DATA IN THIS EXERCISE:
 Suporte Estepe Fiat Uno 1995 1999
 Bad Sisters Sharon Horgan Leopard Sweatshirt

==

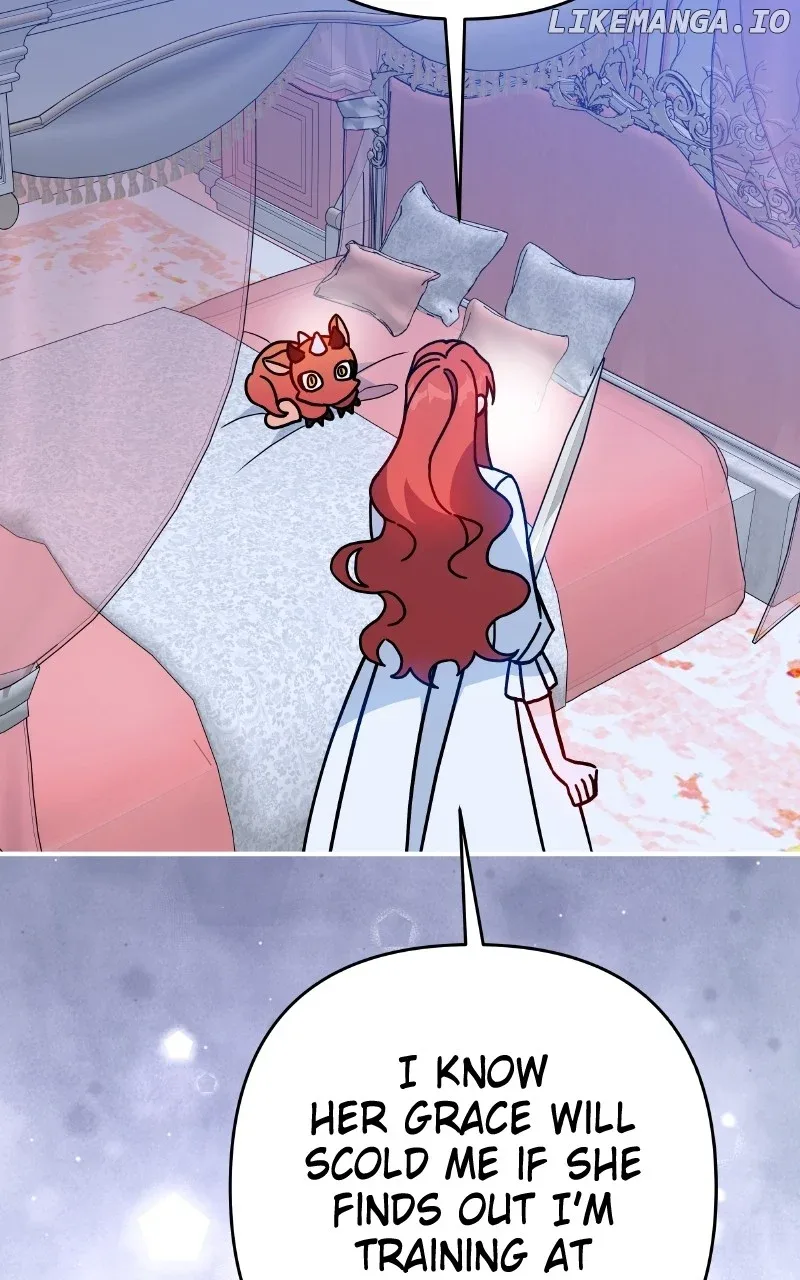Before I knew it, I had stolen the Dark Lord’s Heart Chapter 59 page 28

TASK OBJECTIVE:
Retype exactly the lines of the data above that fall between the line with "Suporte Estepe Fiat Uno 1995 1999" and the line with "Bad Sisters Sharon Horgan Leopard Sweatshirt", inclusive, and add nothing.

RESULT OF THE EXERCISE:
 Suporte Estepe Fiat Uno 1995 1999
 Bad Sisters Sharon Horgan Leopard Sweatshirt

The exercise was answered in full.